Emotional pain around a holiday has many sources. The emotions will sideline us if we fail to address them. I was reminded of that this past weekend. Both of the pain and the tools I needed to use.
I got the turkey Sunday. Monday I had a meltdown. The night before my heart had broken into a thousand pieces once again while sitting with my mother in law Ann. After dinner her mood changed from peaceful to disturbed (a symptom of Alzheimer’s). I tried to calm her but was not successful.
It is painful to watch someone suffer.
I leaned my head against her and wept. I whispered a prayer Lord deliver her from this suffering. I felt so powerless.
Ann entered hospice last year, just before Thanksgiving. As we watched her health decline we wondered if she would make it to Christmas. She did.
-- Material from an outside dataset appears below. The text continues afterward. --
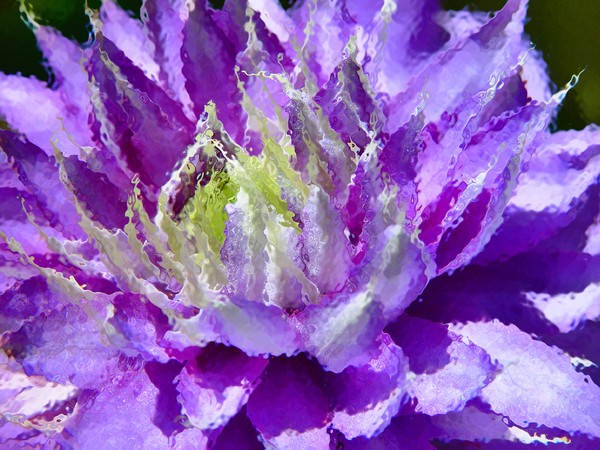 Purple Clematis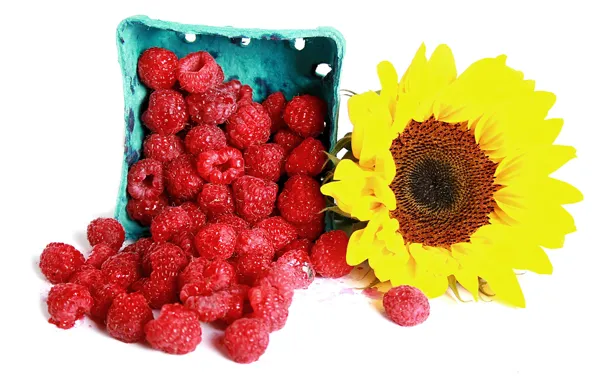Berries, raspberry, sunflower, raspberry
With every passing holiday, we wondered the same thing. And here we are again. Still wondering.
How is anyone supposed to handle a cloud of pain hovering over a holiday?
My Monday morning meltdown carried more pain than the night before. Sobs came surging out of me in waves. Because of it, I remembered the meltdown I had last Christmas. All the old emotions came rushing back. I had been addressing them all year yet apparently, they were still there. What am I supposed to do now?
How am I supposed to handle all this pain?
I stumbled across a line people use attempting to encourage others. They say God doesn’t give you more than you can handle. However, I want to pick a fight with that for two reasons.
One is we often have things happen in our lives we can’t handle. The fact that trauma exists is evidence enough. Trauma is by nature something we can’t handle. I couldn’t handle it when I did the simple thing of going outside my comfort zone for too long. Which led me to write: 3 things you need when leaving your comfort zone.Trauma is by nature something we can’t handle. Click To Tweet
How much a person can handle is different with everyone. We are not created to handle things alone. The saying is true: no man is an island.
The second thing is God is not the source of our problem. He doesn’t measure out some ridiculous balance of trouble or tragedies to us. They come uninvited in varying amounts to every human that draws breath on the earth.
I know I am not alone in this predicament. Many people hurt around holidays.
It doesn’t matter what holiday it is.
The joy of a holiday does not erase the pain. It usually amplifies it.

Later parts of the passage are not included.